◆ WHAT THIS TASK INVOLVES ◆
The data must be given again exactly as written, with all images omitted.

Start of RAW DATA

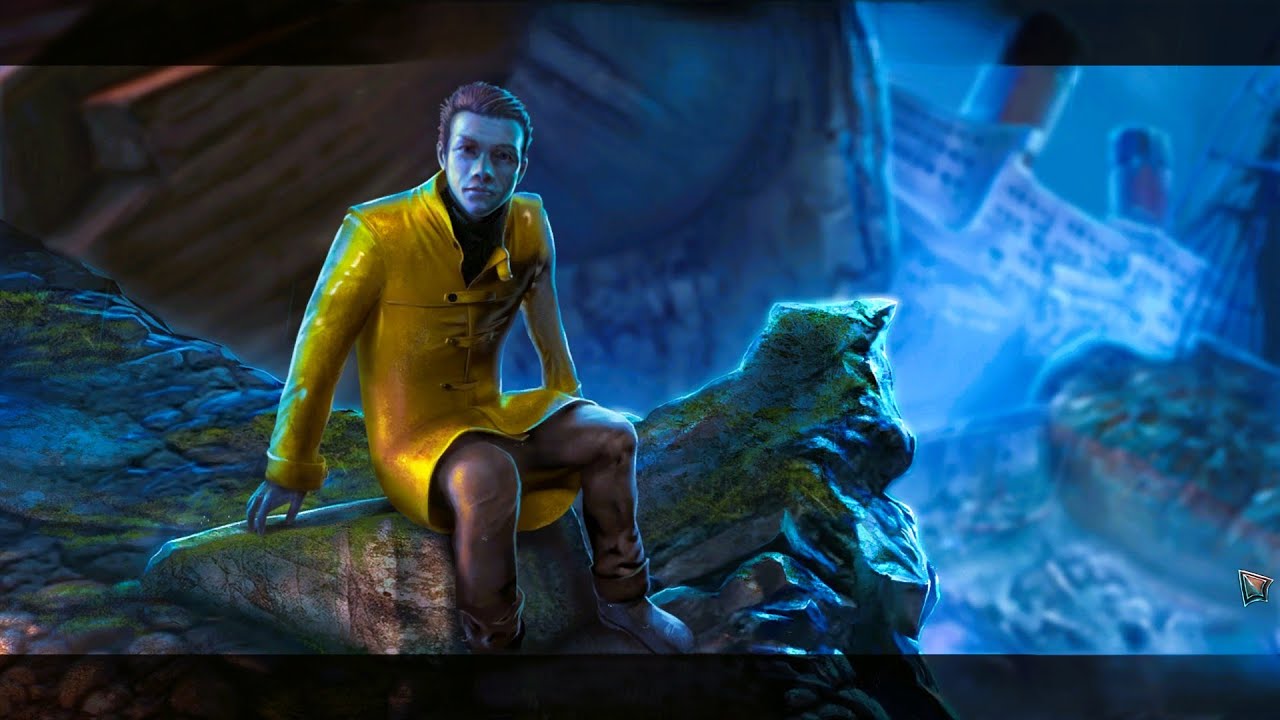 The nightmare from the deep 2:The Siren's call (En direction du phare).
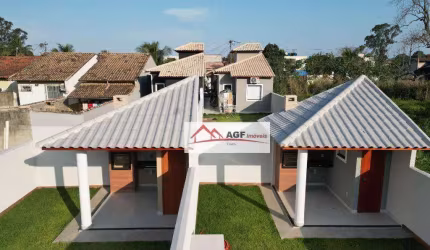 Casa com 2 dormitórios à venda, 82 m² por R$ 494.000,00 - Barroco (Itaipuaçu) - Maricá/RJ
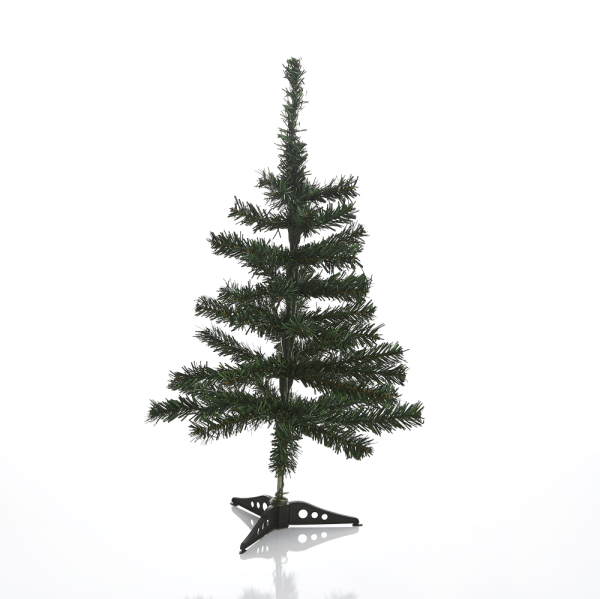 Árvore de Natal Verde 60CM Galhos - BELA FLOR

End of RAW DATA

◆ ANSWER ◆
 The nightmare from the deep 2:The Siren's call (En direction du phare).
 Casa com 2 dormitórios à venda, 82 m² por R$ 494.000,00 - Barroco (Itaipuaçu) - Maricá/RJ
 Árvore de Natal Verde 60CM Galhos - BELA FLOR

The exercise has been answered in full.